We once had a religious conflict about whether SAN or NAS was the best storage solution. Each side touted its benefits, resulting in entrenched IT customer bases locked into one form or the other.

The sad thing is that, though many of the claims were true, no single type of storage solution fit everybody's needs.

Now we are seeing changes in that polarized situation. First, people have recognized that how data is presented may be very different from how data is stored. Second, scaling out storage has strained both the NAS and SAN models to the limit. Third, object storage is affecting large storage deployments, especially in the cloud. As a result, we are witnessing a fusion of the best of these elements into a single converged storage solution.

Some of the early attempts in this area, such as Pillar Data's Axiom, solved the problem of having one pool of blocks with partitioning into block or NAS virtual arrays. This resolved the need for separate appliances, but it did not allow multiple access methods to the same data.

Recently we've seen a flurry of next-wave converged storage solutions dressed up with phrases like "data plane" and "software-defined storage." They allow a given storage element to be handled as a block, a file, or an object.

It’s worth discussing the differences between modes.
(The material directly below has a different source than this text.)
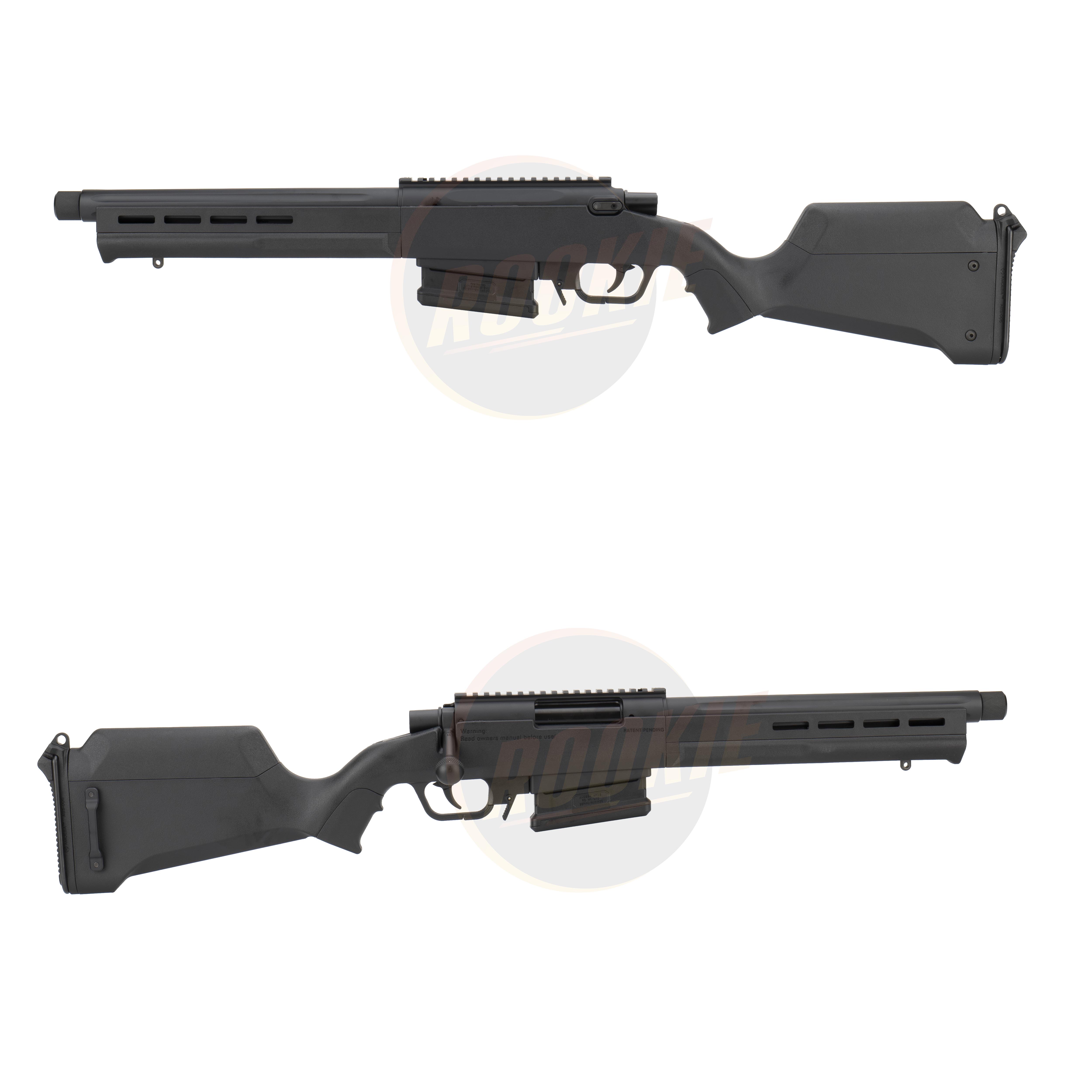 ARES Amoeba STRIKER AS02 - Black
  • BlockIO dates back to the start of computing. Each server has its own map of the data, and the storage system sees instructions framed with physical addresses of disk blocks. The server file stack translates the file address into a disk block. Sharing is achieved by building SANs.
  • NAS moves the file stack to a NAS appliance. The server sends the address of the data within the file to that appliance, which runs its file stack to translate the address into disk blocks. Sharing is intrinsic, since the appliance owns the data.
  • Object storage is like NAS, except that it uses a database to find addresses. Each data block is replicated on several appliances for integrity. This allows for much larger data spaces and flattens access to data. In addition, the database approach allows for extensive file tagging.
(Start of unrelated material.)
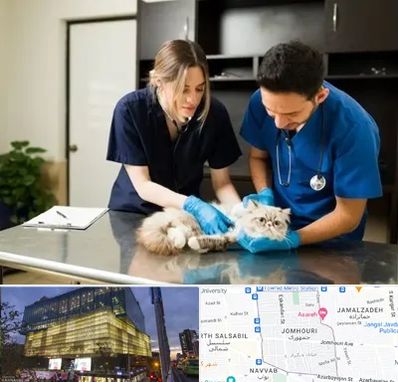 دامپزشکی سیار در جمهوری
Each mode has its own access protocols. SANs have Fibre Channel and iSCSI. NAS has CIFS and NFS, and object storage has REST and SOAP.

Converged storage is an object storage approach, with the access protocols abstracted from the storage. This allows software written to any mode to access any data, with the converged storage appliance handling translation.

The solutions also clear up issues with performance between modes. SAN and NAS have typically been quite close in performance, with an edge of perhaps 3 percent for Fibre Channel SAN. Object storage has lagged, largely because of the carryover of some misconceptions from the early days of development. For instance, to load-balance the system, each 64K block in an object went to a different appliance. This guaranteed the least efficient use of drive IO. Drive-centric thinking has corrected that, and object storage in these new appliances should be as fast as the other means of access.

Who is providing converged storage? EMC recently unveiled ViPR, a software solution that will be sold on both EMC and third-party hardware. NetApp Inc. also has a converged product, but it hasn't any object storage capability and seems more like Axiom. Ceph, an open-source converged storage stack, is rapidly gaining acceptance. It allows storage to be built for less than $100/terabyte; that should stop dead any arguments about capacity costs.

EMC will build a comprehensive infrastructure of tools around ViPR, but it won't come close to Ceph-based solutions in terms of price. Ceph will have a complete infrastructure pretty soon, but it's worth remembering that many tools aren't needed when storage is really cheap. COTS can add more than 10x capacity for the cost of an EMC dedupe tool.

Red Hat Inc. also has converged storage. Its inexpensive code will give Ceph some competition. With large scaleouts needing a low cost per terabyte, COTS hardware with either Red Hat or Ceph will be hard to beat.

Converged storage will absorb the other methods. In going this route, EMC is gambling with the crown jewels of its business, and it could be Linuxed by the open-source community.

After converged storage, GPU-assisted storage streams appear to be the next over-the-horizon concept.